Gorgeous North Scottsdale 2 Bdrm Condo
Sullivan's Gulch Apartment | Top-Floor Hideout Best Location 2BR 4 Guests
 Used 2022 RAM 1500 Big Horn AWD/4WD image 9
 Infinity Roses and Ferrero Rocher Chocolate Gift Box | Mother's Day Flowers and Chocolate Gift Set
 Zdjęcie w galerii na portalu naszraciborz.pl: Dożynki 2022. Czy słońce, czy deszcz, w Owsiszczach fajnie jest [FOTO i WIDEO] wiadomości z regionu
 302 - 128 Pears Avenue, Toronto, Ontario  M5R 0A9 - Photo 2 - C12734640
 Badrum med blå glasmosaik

________________________________________

TASK INSTRUCTIONS
Your output is to be the lines of the listing, exact and complete, starting at the first and ending with the line that contains "302 - 128 Pears".

TASK SOLUTION
Gorgeous North Scottsdale 2 Bdrm Condo
Sullivan's Gulch Apartment | Top-Floor Hideout Best Location 2BR 4 Guests
 Used 2022 RAM 1500 Big Horn AWD/4WD image 9
 Infinity Roses and Ferrero Rocher Chocolate Gift Box | Mother's Day Flowers and Chocolate Gift Set
 Zdjęcie w galerii na portalu naszraciborz.pl: Dożynki 2022. Czy słońce, czy deszcz, w Owsiszczach fajnie jest [FOTO i WIDEO] wiadomości z regionu
 302 - 128 Pears Avenue, Toronto, Ontario  M5R 0A9 - Photo 2 - C12734640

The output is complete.